A Rotterdam le 8 juin 1685.

 

J’ai récemment lu la dissertation d’un de vos amis, nommé Morhof, de patavinitate Liviana [9], qui m’a grandement plu par sa collection de choses curieuses. Morhof cite beaucoup de livres qui me sont mal connus, comme l’ Historia sacrae latinitatis de Melchior Inchofer [10] ; Gaddius de scriptoribus [11] ; Daumius de amissarum radicum linguae latinae caussis [12]. Il fait espérer un ouvrage d’une érudition étonnante intitulé Roma Attica [13] dont le m[anu]s[crit] existe chez le très savant Borrichius [14]. Je ne doute pas que vous ne connaissiez tous ces livres et auteurs sur le bout du doigt.

Notes :

[1La lettre du début du mois de juin par laquelle Grævius annonçait l’ouvrage de Pierre Petit ne nous est pas parvenue.
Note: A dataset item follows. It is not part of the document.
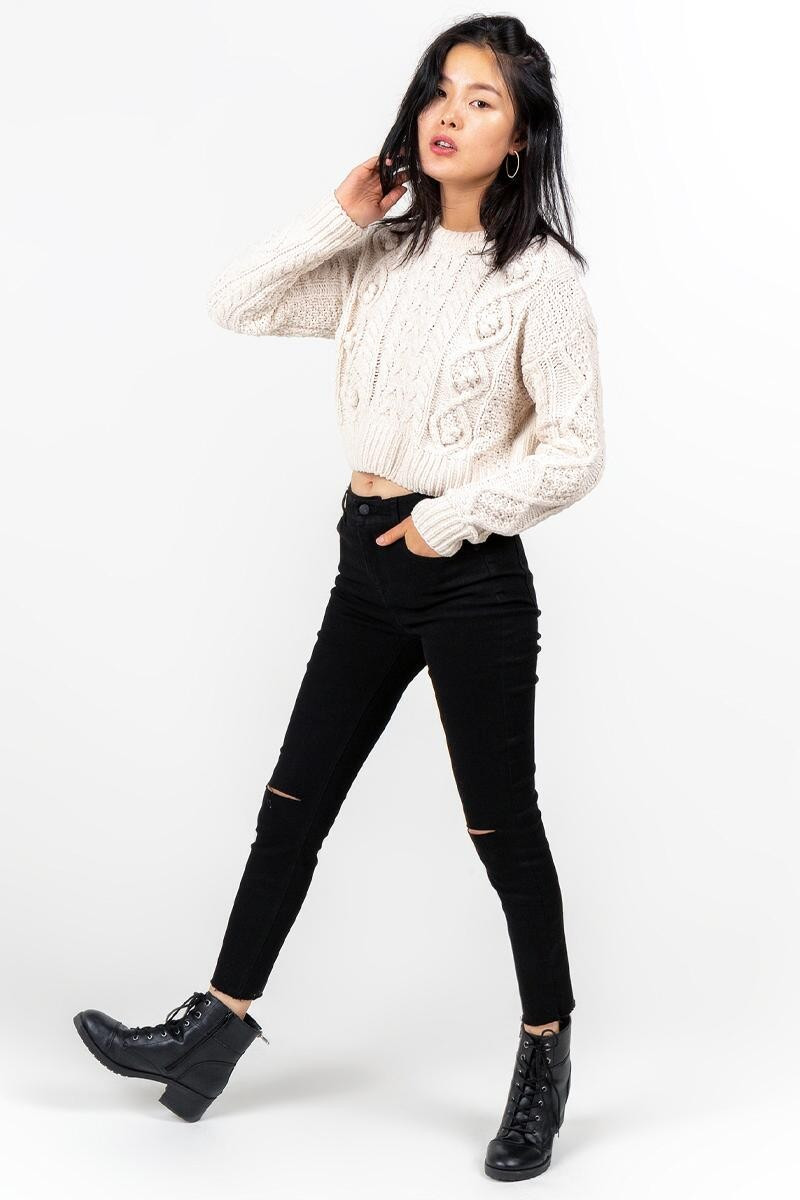 Odette Distressed Jeans | Francesca’s Collections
[2Voir Petri Petiti, philosophi, & doct. medici. De Amazonibus dissertatio, quà an verè extiterint, necne, variis ultro citroque conjecturis & argumentis disputatur. Multa etiam ad eam gentem pertinentia, ex antiquis monumentis eruuntur atque illustrantur (Lutetiae 1685, 12° ; 2e édition, Amsterdam 1687, 8°). Voir NRL, août 1685, art. I. Sur les raisons qui avaient été avancées pour ne pas donner la même éducation aux femmes qu’aux hommes, Bayle observe narquoisement : « Je n’aurais pas tiré ces remarques [du texte] latin si je n’avais pas considéré qu’il est important au beau sexe, qu’il sache ce que l’on publie contre lui : car c’est lui fournir l’occasion de faire son apologie, ou par le moyen de quelqu’une de ces dames qui écrivent si bien présentement, ou si elles n’en veulent pas prendre la peine, par le moyen de cent écrivains officieux, qui se feront une joie de leur fournir toute sorte d’armes offensives et défensives ».

[5Il a été impossible d’identifier plus précisément ce Vroeze, étudiant à Utrecht en 1685 ; il s’agit manifestement d’un membre de la famille patricienne de Rotterdam : Jan Vroesen, né en janvier 1672, Adriaen Vroesen, son frère aîné, né en mars 1668, ou bien Adriaen, leur cousin, né lui aussi en mars 1668. Le registre Album Studiosorum Academiae Rheno-Traiectinæ, MDCXXXVI-MDCCCLXXXVI (Utrajecti 1886), p.90, ne mentionne que Jan, qui s’inscrivit officiellement à l’université en 1692 : voir aussi S. Berti, « Jan Vroesen, autore del Traité des trois imposteurs ? », Rivista storica italiana 103 (1991), p.528-543.

[14Oluf Borch (1626-1690), docteur en médecine, fut professeur de philologie, de chimie et de botanique à l’université de Copenhague.